Eduardo Halfon | Clases de chapín

Esos instantes suspendidos en el tiempo, esos momentos en los que tenemos la sensación de que hemos aprendido algo, alguna cosa importante. Tal vez a ser. A estar. No sé si eso es Clases de chapín, libro de relatos, de Eduardo Halfon. Como solo escribo desde intuiciones, esto me parece bien, porque esa es la sensación que tuve en todo momento. La de que el tiempo se detenía en un instante y que ese instante podía ser muy grande o muy pequeño, pero que se quedaría ahí, fijado en la memoria de aquellos que lo presenciaron. En la memoria o en la muerte, porque no siempre sale uno indemne físicamente de estos trances. Desde luego, nunca mentalmente.

Instantes grandes. Un terremoto que, si estás en una familia adinerada, te deja una capa de polvo. Pero también un tío empeñado en mostrarnos, aunque sea por unos breves instantes la realidad de un mundo que queda allá, lejos, muy lejos, entre los escombros. No es seguro que vayamos a recordar algo, pero. Otros instantes grandes, emocionalmente grandes, con la misma devastación personal: la violación de una niña. O la violación, sin más. Los horrores del mundo, que están en cualquier lado, esperando su momento y cambiar el curso de la historia. La personal, la íntima. La otra no cambia nunca por cosas graves. Solo por idioteces.

Instantes pequeños, de rara magia. Las improvisadas clases de dibujo en un restaurante lisboeta, la imagen atemporal del señor Sanders y algún tipo de iniciación a ser judío, esos actos de tardía justicia, pero justicia, como aquel contra el señor Heine, de parte de un niño. Actos de rebeldía contra el tiempo, contra el tedio, contra la naturaleza íntima, como lo que hay. Uno muere de cualquier manera, por una simple fotografía, si acaso. Pero del mismo modo uno renace de cualquier forma.
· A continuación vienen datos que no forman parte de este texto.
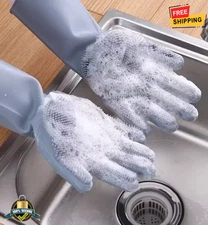 Magic Silicone Dishwashing Gloves Rubber Scrubber Gloves Kitchen Cleaning Tools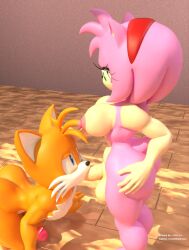 1futa 1male 3d alternate_version_at_source alternate_version_available amy_rose big_breasts big_penis blender blowjob futa_on_male futanari grabbing_hair kneeling mukir naked sonic_(series) sonic_the_hedgehog_(series) tails tails_the_fox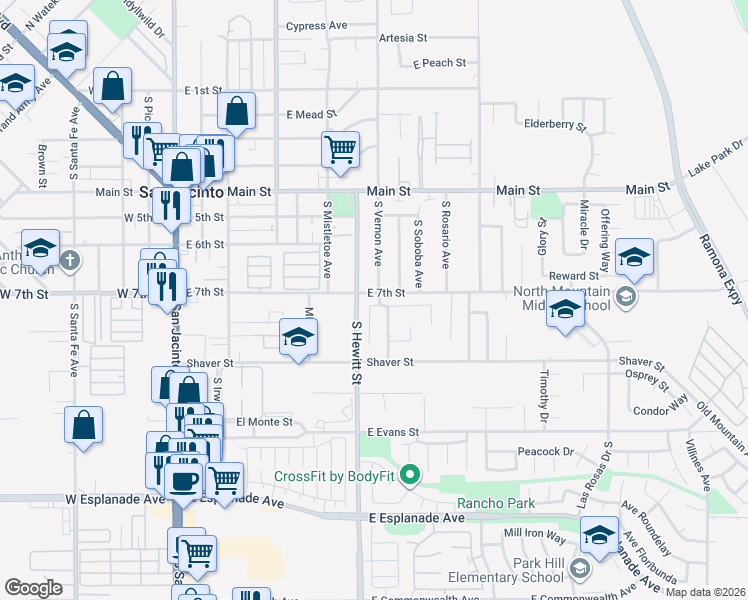 map of restaurants, bars, coffee shops, grocery stores, and more near 611 Carmen Drive in San Jacinto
No es fácil de hablar de la fragilidad de una escritura que se alimenta de tiempo, de pausas, de gestos, de gestitos. No es fácil extraer esos fragmentos de vida y convertirlos en algo trascendental. La escritura no cambia, el relato no asciende ni desciende. El tiempo, decía, ha quedado suspendido. Antes del momento ante la intuición de que algo va a ocurrir, algo que surgirá de un cierto tedio. De esos momentos en los que no pasa nada, o poca cosa, o lo de siempre. Entonces ocurre. Y ni tan siquiera es un escándalo. No hay gritos, no hay empujones.  Simplemente ocurre que aquellos que estaban ahí ahora son otros.

La escritura de Eduardo Halfon tiene algo de invitación a estar en ella. No es de esas escrituras que nos dejan deliberadamente fuera, ni de aquellas que nos piden que completemos aquello que el escritor no ha sabido contarnos. Tampoco se nos presenta como un cuadro colgado que admirar. En ella, las cosas suceden y nosotros sucedemos con ellas. Sus relatos son, ahí va la palabra, acogedores. Y eso no nos facilita las cosas, porque lo terrible es más terrible como lo dulce es más dulce. La vida es la vida y nosotros vivimos como viven esos personajes. Atrapados en la lógica de lo inaceptable y, como aquel señor Duda de Günter Grass, entre interrogantes.